[CHAPTER VIII—North Pole and South]

Dinner was a jolly affair. Everybody was in excellent humor. Hal had quite recovered from his afternoon’s experience; Pat had succeeded in getting the Marianne into perfect shape; Bill looked forward to his evening’s plans with relish; and Bob was happy just on general principles, anticipating a great evening, and because he was usually happy. Mrs. Gregg, who often became lonely by herself, was glad of being in such pleasant company.

They went into the garden after dinner, and the Captain, after filling up his ever-present pipe, began his story.

“Well,” he said, “there’s only one way to begin the story of anybody’s life. That’s by telling when he was born, because after all, that’s the first thing that happens to a man, isn’t it? Well, Admiral Richard Evelyn Byrd was born on October 25, 1888, in Winchester, Virginia, where there had been Byrds ever since anybody could remember. In fact, the first Byrd settled in America about 1690, and the name has been a prominent and honored one ever since. There were Byrds fighting in the Revolution and in the Civil War, so it wasn’t from nowhere that our Richard Evelyn got his courage and grit that carried him through the dangers of being the first man to cross both the North and the South poles in a plane.

“He had a grandmother, too, who gave him a goodly supply of what it takes to do great deeds. That was Jane Byrd, who was the sort of person around whom legends spring up, and are carried down from generation to generation. In fact, one of them was a famous story of her killing of a huge blacksnake. It was during the Civil War. Her husband and her brother were both fighting for the Confederacy, and Jane Byrd was left alone to manage the great plantation and farm. And manage it she did. One day she went to gather the eggs in the chicken house, and found a great blacksnake had swallowed twelve prized guinea eggs that had been set under a setting hen. She clubbed the snake to death with a club, taking care not to strike the twelve bumps that showed all down its body the places where the twelve guinea eggs reposed. Then she cut the snake open and took out the eggs and put them back under the hen, without a bit of fuss or excitement. She took seriously the charge that she must take care of the estate while her men were away fighting.

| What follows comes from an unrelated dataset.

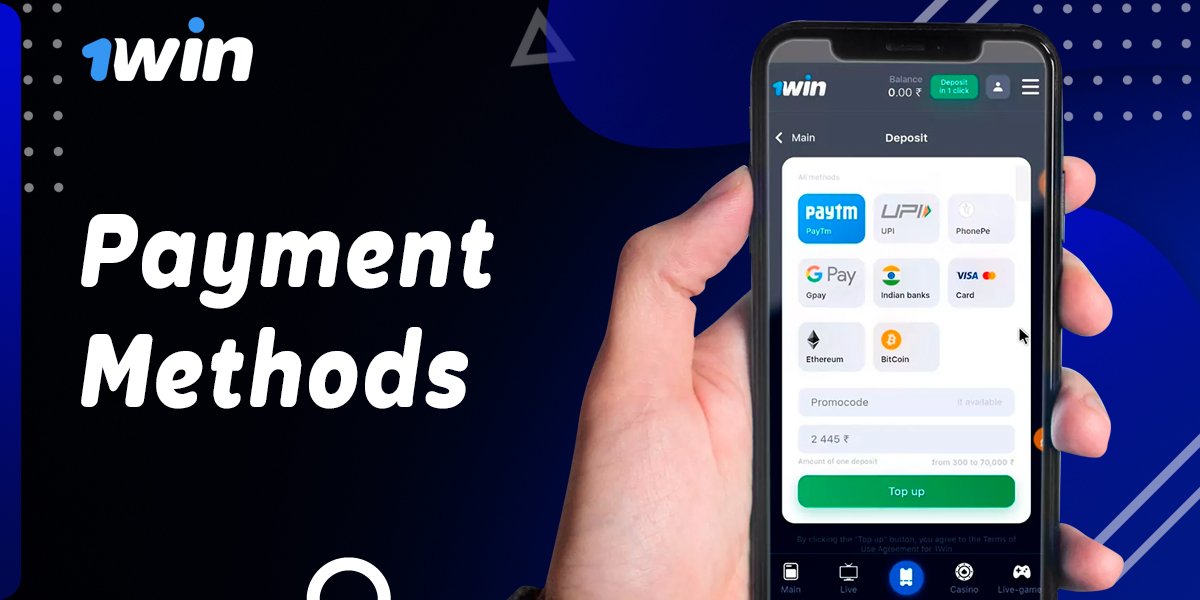 With what payment methods Brazili users can make a deposit and withdraw funds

“Richard Byrd couldn’t have had better ancestors to back him up in his adventures, but every ounce of courage, every bit of perseverance that he inherited, he needed. He was a man who met with hundreds of disappointments, and innumerable obstacles in carrying out the plans that meant so much to him and to the world. But he was never downed by them. Set-backs that would have made other men, men of lesser caliber turn from their paths and give up their plans, were just so much more of a spur to him.

“Dick Byrd was never a robust man. He had the physical handicap of a bad ankle to overcome, and his general build has always been slight. He is not the huge, strapping hero of story-book fame; he was the little Napoleon with a great determination that outweighed any physical weakness. A man doesn’t have to be big to get places. A little fellow, if he wants to badly enough, can accomplish a lot.

“And Dick Byrd certainly wanted badly to go to the Pole. Even when he was a kid in school, it was his ambition to be the first man to reach the North Pole. Somebody beat him to it. Peary got there first, but it took him a long time, and he had to go on foot. Byrd flew, and accomplished in a few hours what had taken days and weeks to do before.

“Not only did he want to go to the Pole—he wanted to go to all sorts of places, and he did, too. Before he was fourteen years old, Richard Byrd traveled alone around the world! That took nerve. And not only nerve on Richard Byrd’s part, but on the part of his mother! The trip wasn’t a regular round-the-world tour that anybody can make today on a boat that’s like a little palace, but it was a rough, adventurous voyage on an army transport, and a British tramp.